WORK REQUIRED:
Only the lines from the one that contains "Strozzi Terrace View" to the last line below, both included, should be transcribed. Pictures stay out of the copy.

INPUT:
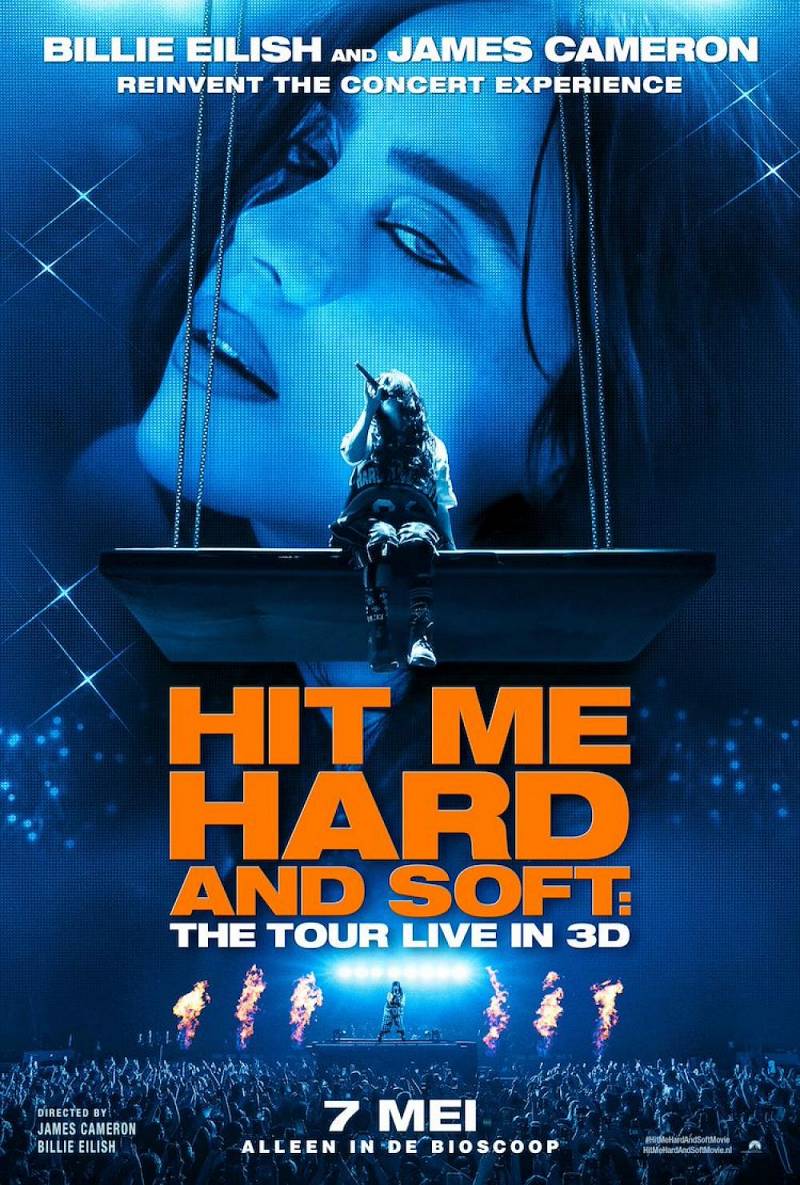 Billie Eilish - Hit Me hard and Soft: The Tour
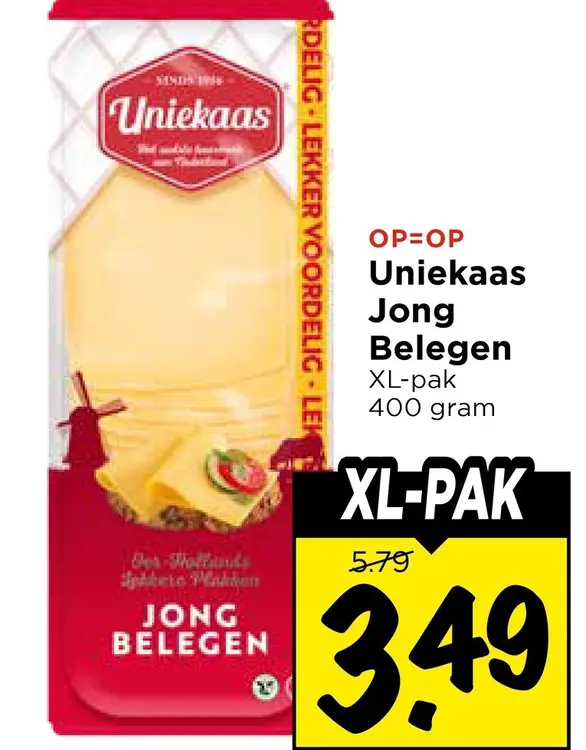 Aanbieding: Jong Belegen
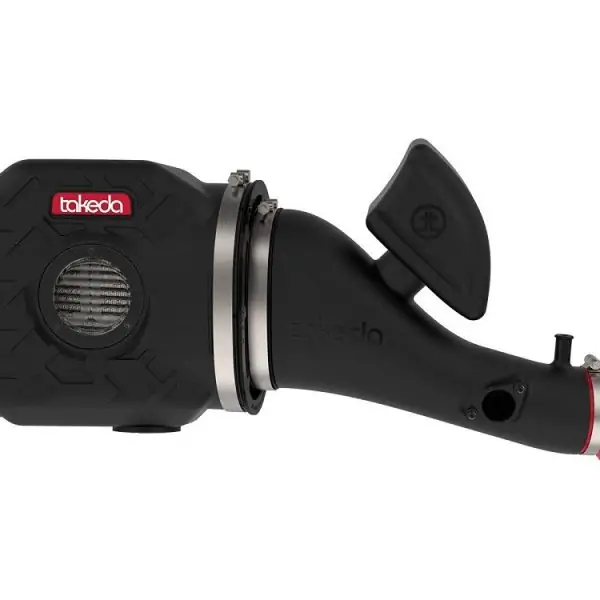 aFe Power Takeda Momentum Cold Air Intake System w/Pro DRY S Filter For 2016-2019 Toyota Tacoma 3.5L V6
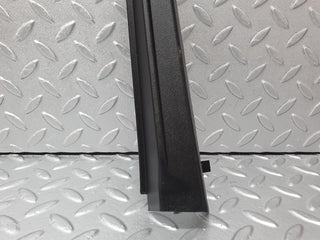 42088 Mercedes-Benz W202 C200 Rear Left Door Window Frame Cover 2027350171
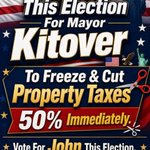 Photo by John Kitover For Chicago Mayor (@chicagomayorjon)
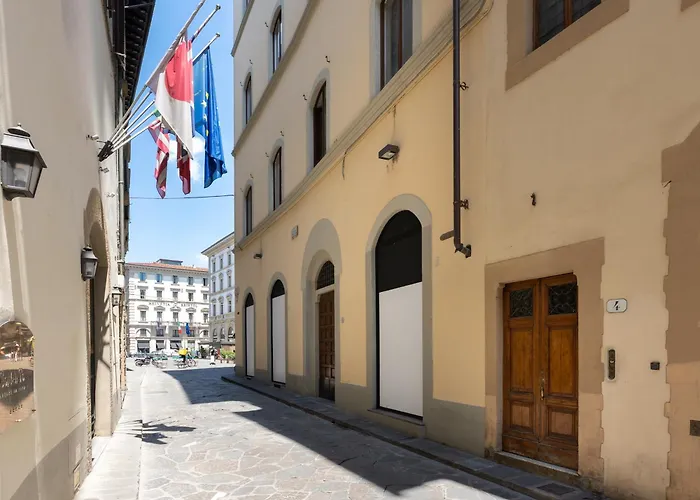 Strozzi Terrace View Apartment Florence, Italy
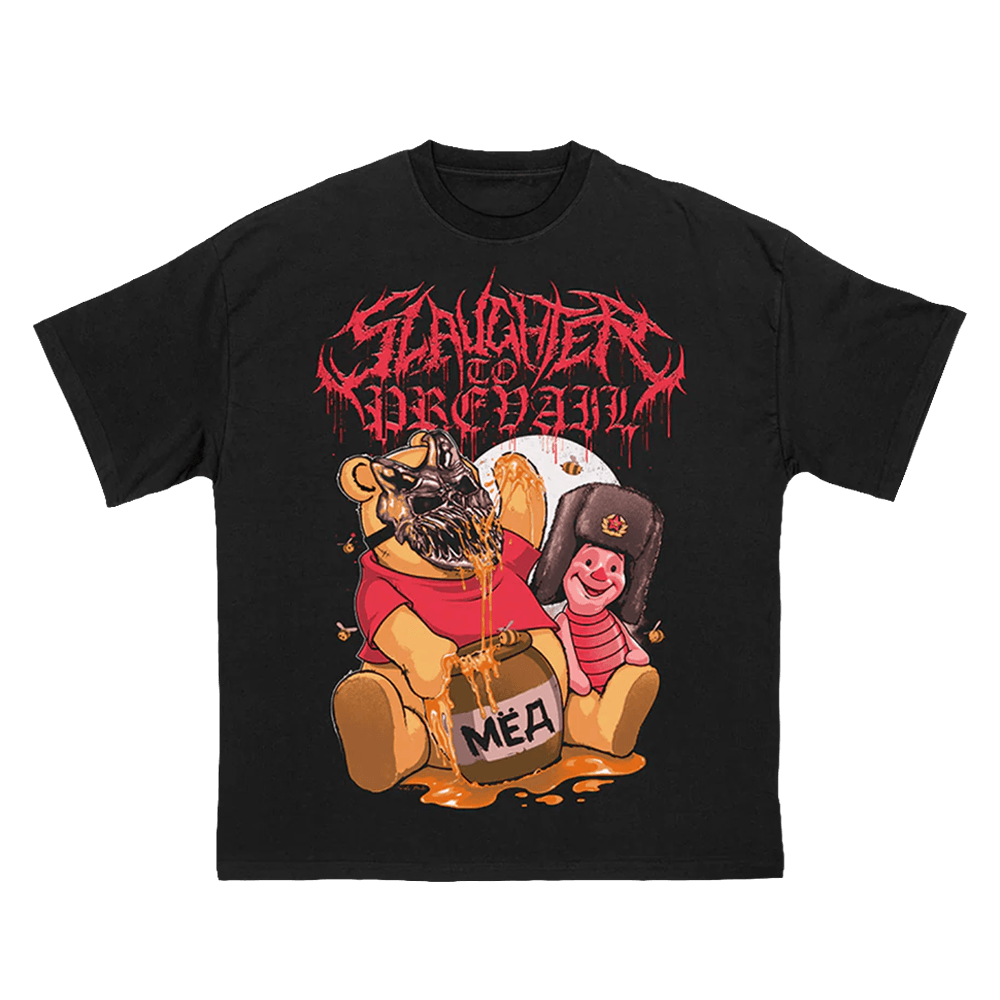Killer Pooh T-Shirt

ANSWER FOR THIS EXERCISE:
 Strozzi Terrace View Apartment Florence, Italy
Killer Pooh T-Shirt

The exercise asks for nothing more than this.